> [AIM OF THE EXERCISE]: Copy exactly, and only, the lines from the line containing "LOGO-Design-For-BIMUP-Vector-Logo-for-Real-Estate-Industry" through the last line of the records below, both included, and leave out any pictures.

+++ RECORDS SUPPLIED

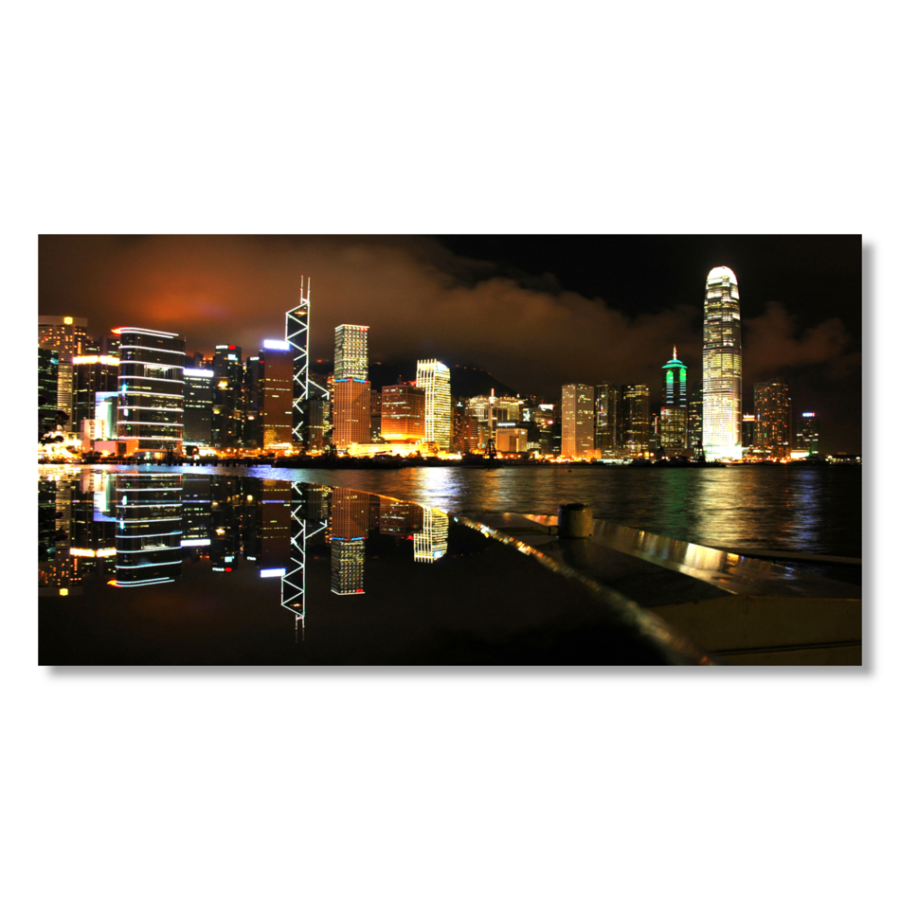 M406 - Πίνακας νύχτα στο Χονγκ Κονγκ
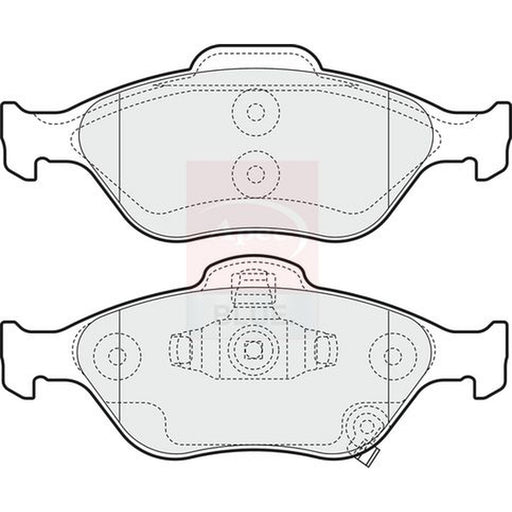 Apec Front Brake Pad Set fits Daihatsu Charade VIII 2011 on 1.33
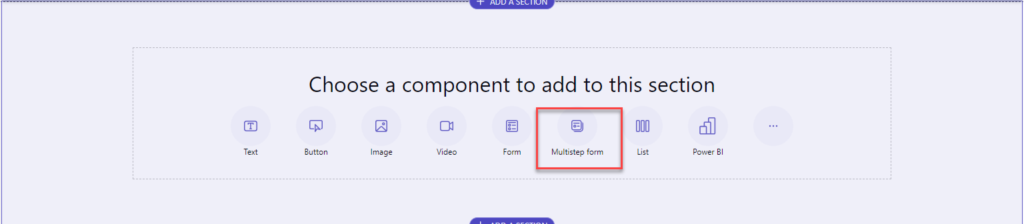 How to add Multistep Form in Power Pages. 11 IMG010
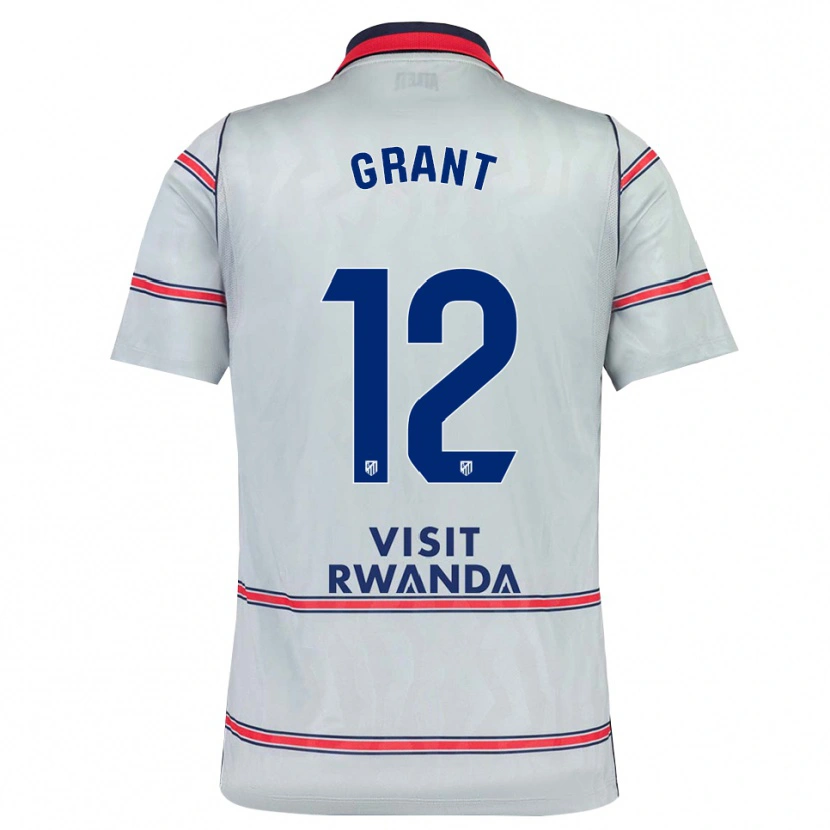 DanxenメンズCristian Grant#12グレー 赤 ネイビーブルーサードユニフォームシャツ2026/27ジャージーユニフォーム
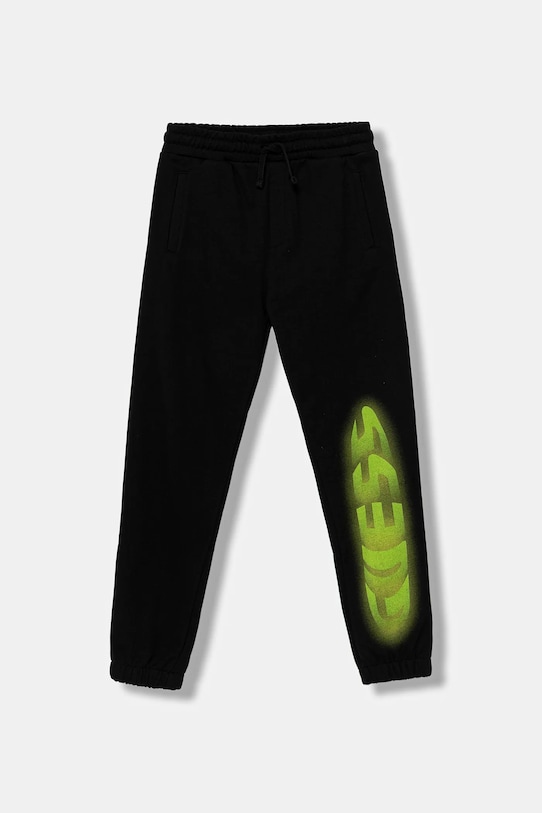 Детские хлопковые спортивные брюки Guess, черный
Детские хлопковые спортивные брюки Guess, черный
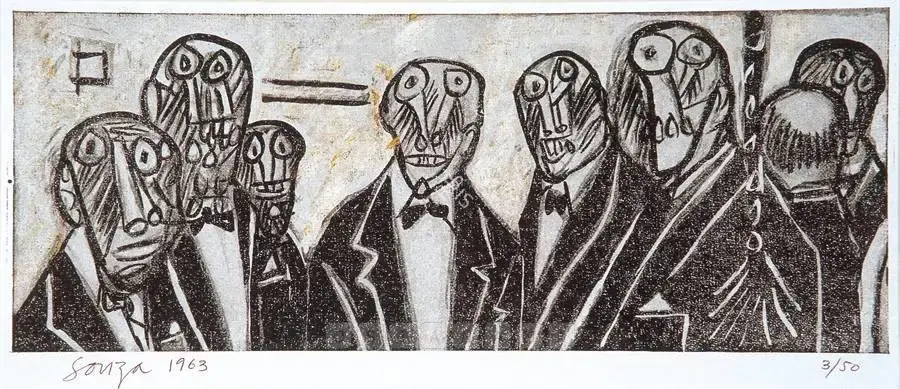 Souza, F.N. (Artist). Untitled, 1963 | Graphic Art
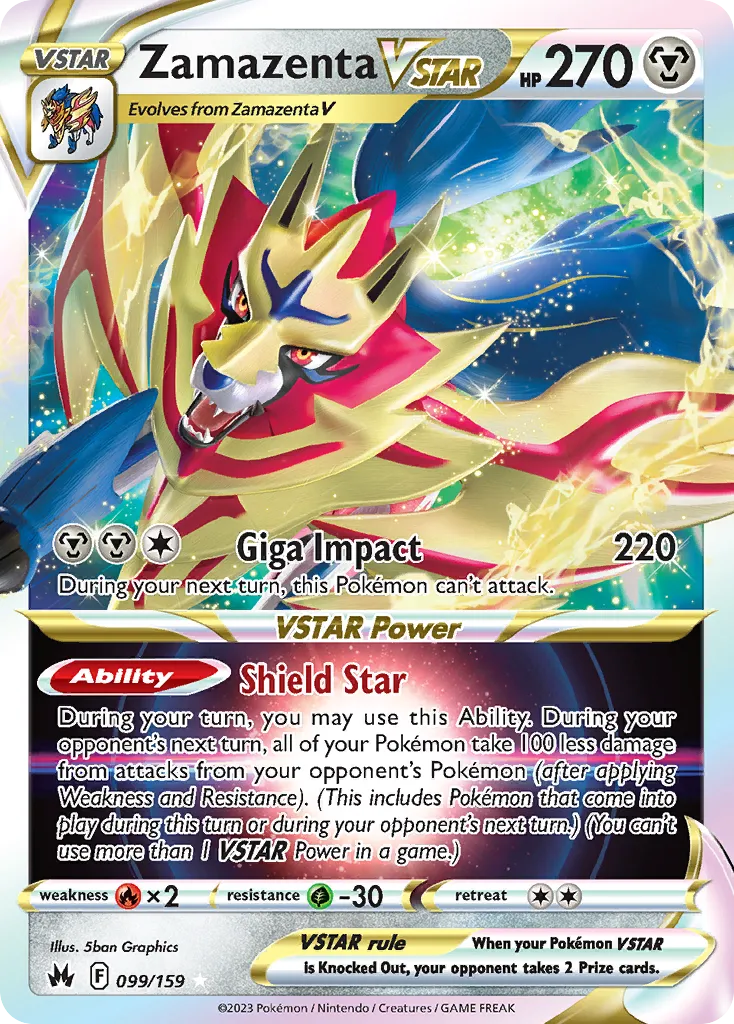 Zamazenta VSTAR #99, Crown Zenith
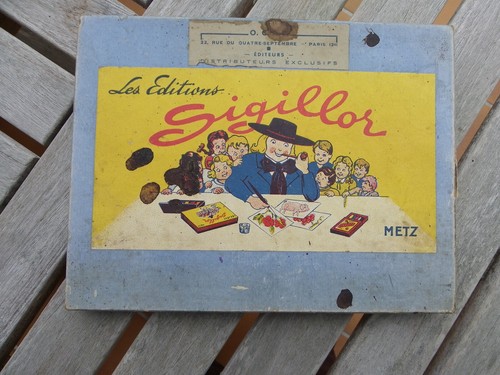 Boîte ancienne tampons - boÎte, de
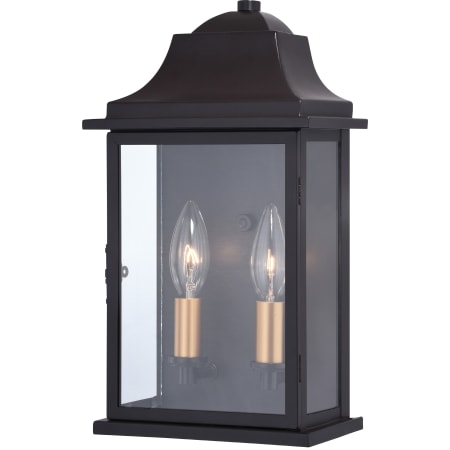 Vaxcel Lighting Bristol 2 Light 13" Tall Outdoor Wall Sconce Oil Burnished Bronze and Light Gold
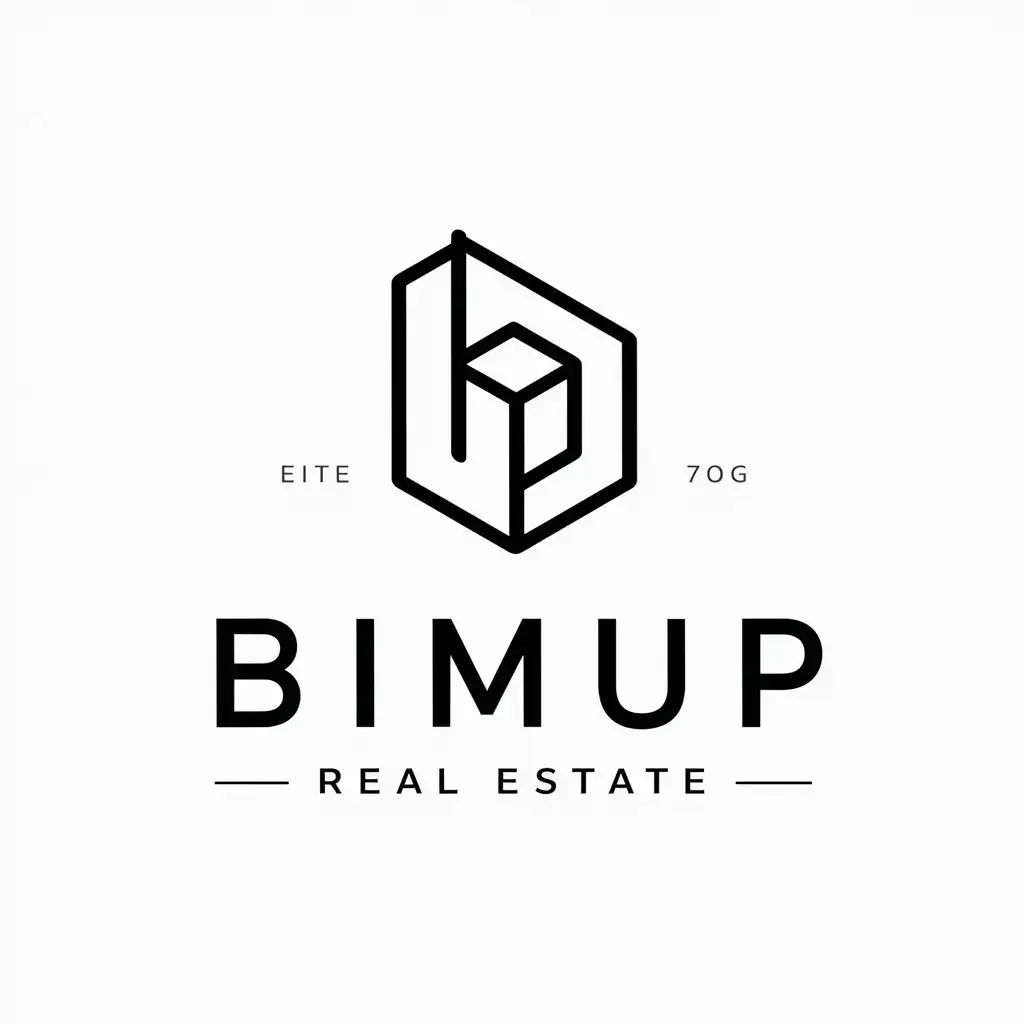 LOGO-Design-For-BIMUP-Vector-Logo-for-Real-Estate-Industry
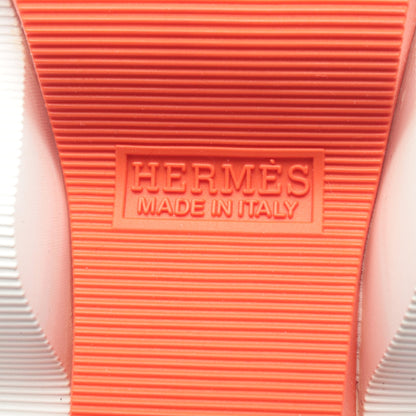 エクレール ニット スニーカー ファブリック ブラック オレンジ エルメス シューズ HERMES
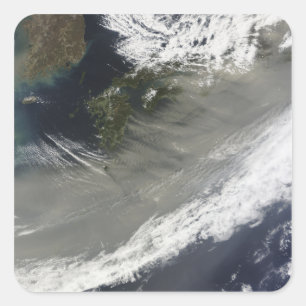 Dust over Japan Vierkante Sticker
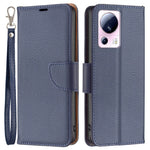 For Xiaomi 13 Lite / Civi 2 5G Wallet Case with Wrist Strap Litchi Texture Leather Phone Stand Cover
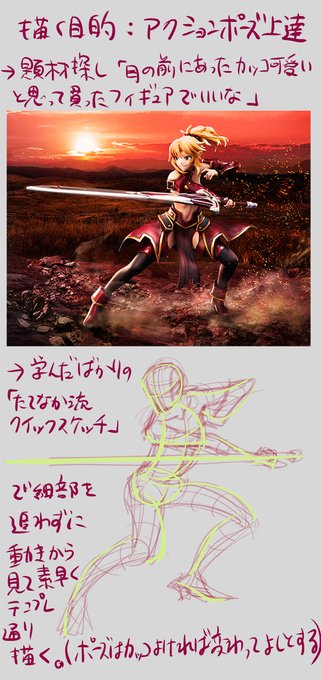 今日は絵を練習してから過程を言語化する練習 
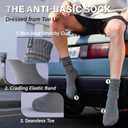 Scrunch Cotton Socks, Slouch Calf Thin Breathable Soft Socks for Women and Men, 4 Pairs (Large, Gray Mixed)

++++++

> [FINISHED EXERCISE]:
 LOGO-Design-For-BIMUP-Vector-Logo-for-Real-Estate-Industry
 エクレール ニット スニーカー ファブリック ブラック オレンジ エルメス シューズ HERMES
 Dust over Japan Vierkante Sticker
 For Xiaomi 13 Lite / Civi 2 5G Wallet Case with Wrist Strap Litchi Texture Leather Phone Stand Cover
 今日は絵を練習してから過程を言語化する練習 
 Scrunch Cotton Socks, Slouch Calf Thin Breathable Soft Socks for Women and Men, 4 Pairs (Large, Gray Mixed)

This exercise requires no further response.